**PROBLEM REQUIREMENTS:** In the entries that follow, find the line containing "Kia Ceed / cee'd" and the line containing "Kiedy mnie już nie będzie", then copy exactly everything from the first through the second except the pictures.

**DATA FOR PROCESSING:**
------------------------

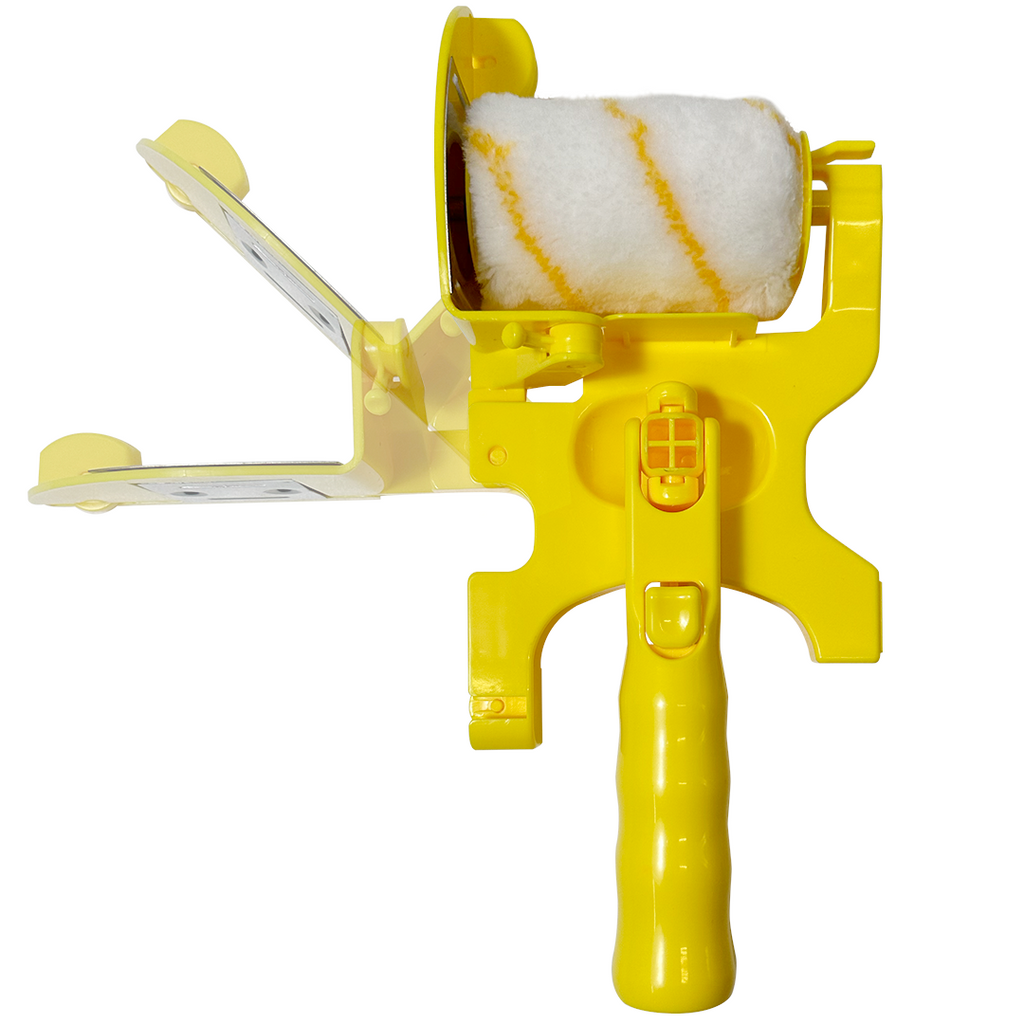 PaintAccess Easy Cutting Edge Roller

------------------------

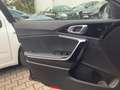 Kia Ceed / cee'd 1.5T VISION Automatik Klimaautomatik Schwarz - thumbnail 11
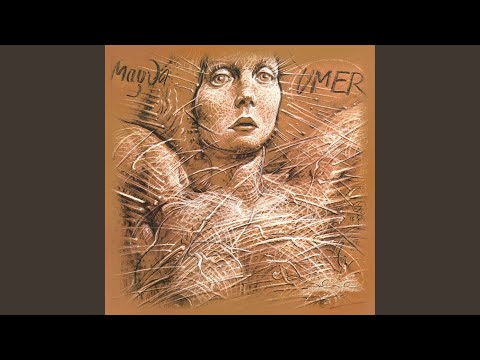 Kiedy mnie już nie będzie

------------------------

**REPLY:**
 Kia Ceed / cee'd 1.5T VISION Automatik Klimaautomatik Schwarz - thumbnail 11
 Kiedy mnie już nie będzie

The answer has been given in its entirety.